How much TDS is applicable?

Long-term capital gains are taxed at 20%, while short-term gains are taxed at the applicable income tax slab rates for NRIs based on total income taxable in India.

The buyer of the property is liable to deduct the TDS at the rate in force as they make the payments to the NRI. The rate in force means the rate at which a particular type of income is taxable under the provisions of the Income Tax Act. Hence TDS rate is the same as applicable to capital gain income.
Even if any advance is being paid for the purchase of property, TDS is required to be deducted.

In addition, surcharges and cess are also applicable to capital gains.

Tax will be applicable even in the case of inherited properties for NRIs. Make sure you consider the date of purchase of the original owner. In such a case, the property’s cost shall be the cost to the previous owner.

The buyer of the property must comply with mandatory reporting requirements.

  1. Get the TAN number: The buyer of the property must have a TAN number for the deduction of TDS.
  2. Deduct TDS: As a buyer, if you’ve deducted a TDS, you’re required to deposit TDS to ITD within 7 days from the end of the month in which the TDS has been deducted.
  3. File TDS Return: After deducting the TDS, now buyer of the property must furnish a quarterly TDS Return in Form 27Q.
  4. Issue Form No.16A: The buyer must also provide Form 16A to the seller of the property within 15 days of filing the TDS Return. Further, the buyer can download the certificate from the TRACES.

Can a seller apply for a Nil rate/lower rate TDS certificate?

As the computation of capital gains has to be done by an assessing officer rather than the seller himself. Yes, the NRI can apply for tax deductions at lower rates from the AO of income tax. The seller can apply in Form 13 to obtain a Nil/lower rate TDS certificate.

Then, the seller (NRI) is required to give this certificate to the buyer and the buyer will deduct the TDS as per the rates mentioned in the income tax certificate.

But what if the certificate is not obtained by the seller from the AO? then the TDS will be deducted on the applicable TDS rate than a lower date. So, it is quite important for the seller to obtain this certificate from the AO.

Read more about TDS on Sale of property by NRI - Learn by Quicko.

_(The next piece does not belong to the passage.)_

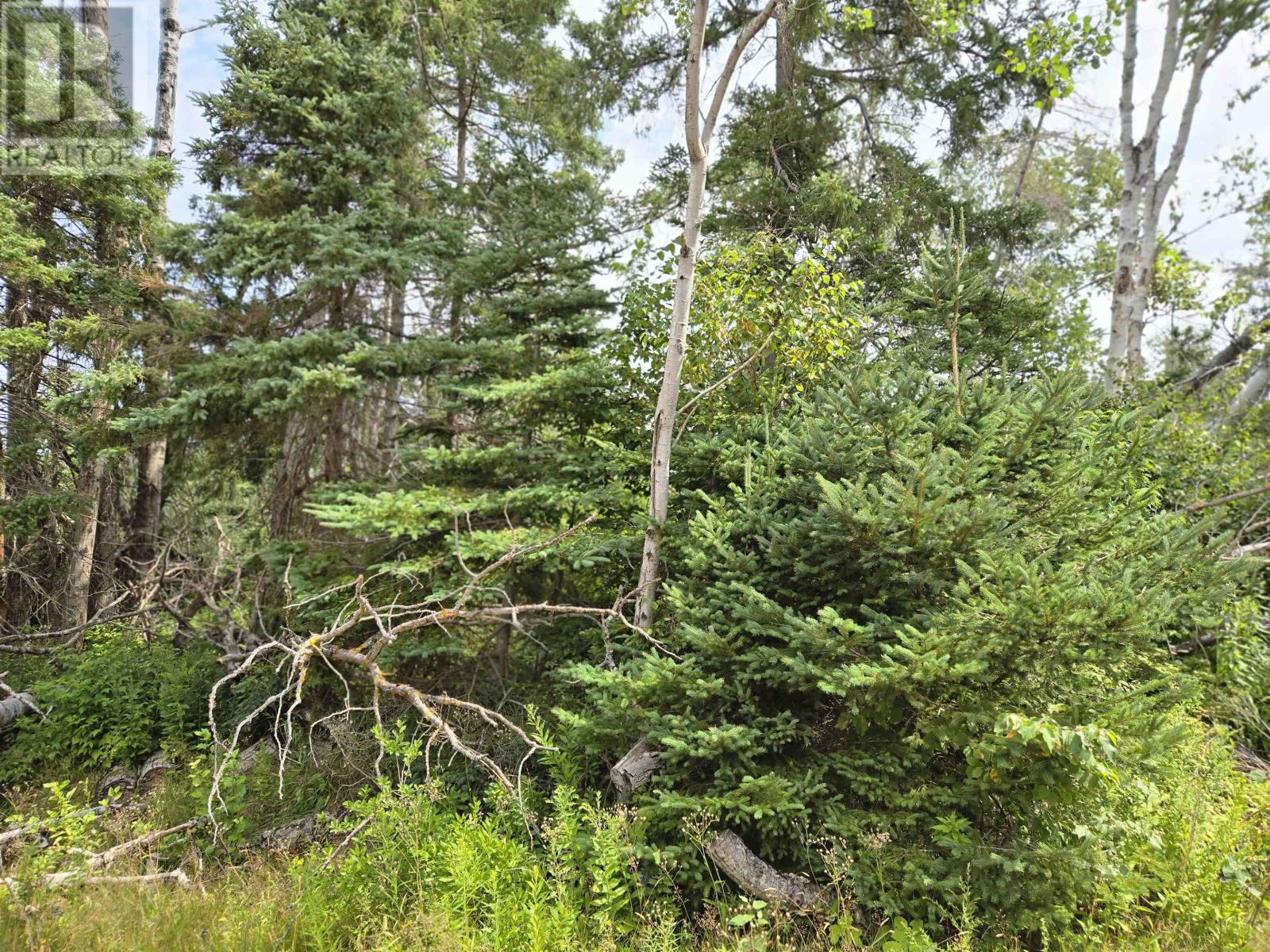 Lot Hazels Way, Gaspereaux, Prince Edward Island  C0A 1R0 - Photo 2 - 202519195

Property was never completed, in the process of getting refund through RERA. Looks like they are only going to refund the amount paid to builder, not the TDS paid to Income Tax department, not sure how it works. Does TDS eventually goes to the builder? I was paying 1% of demand amount to IT department. Is it possible to get the TDS back?

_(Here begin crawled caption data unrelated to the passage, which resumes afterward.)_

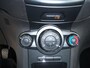 Ford Fiesta 1.0 3D Style Nieuwe Distributie - lage km-stand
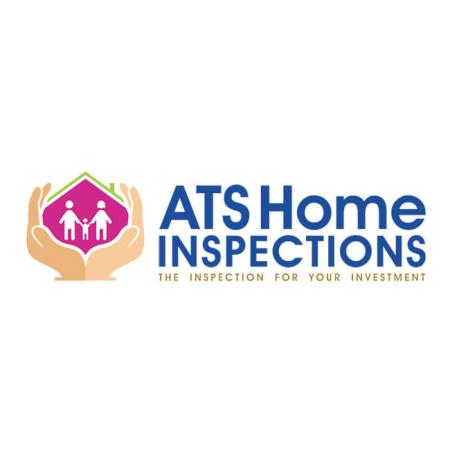 ATS Home Inspections LLC - Surprise, AZ 85379 - (623)266-8846 | ShowMeLocal.com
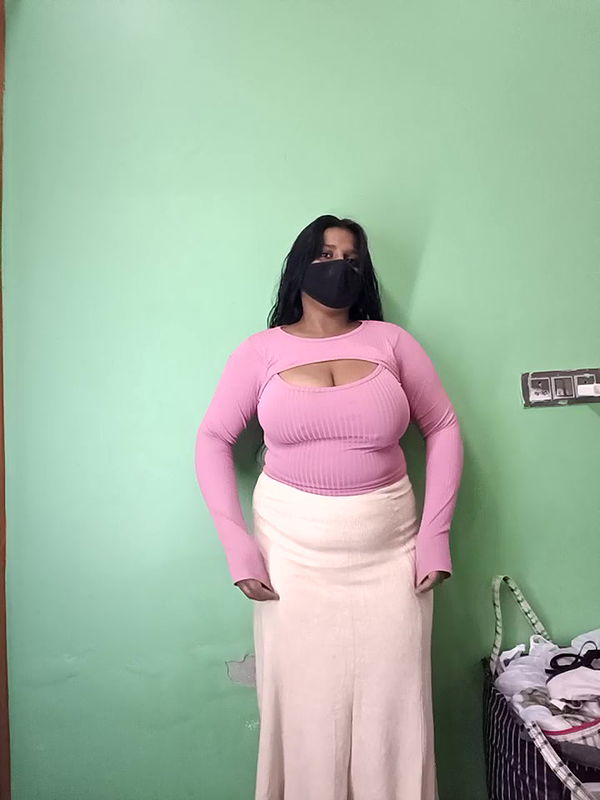 Stripchat-Public.Show-f-Kanak_5-2025.02.19.100841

No worries. The TDS will reflect in your 26AS and AIS / TIS. Based on that you can file ITR and get back your TDS amount. Ensure you collect the challan for TDS payment and Form 27Q (after respective Quarter finished). You are entitled to keep the records.

Thanks @Srikanth Last TDS was paid July 2018, paid around Rs. 40k total in TDS since Oct 2013. How do I file ITR? Can I still claim starting from 2013?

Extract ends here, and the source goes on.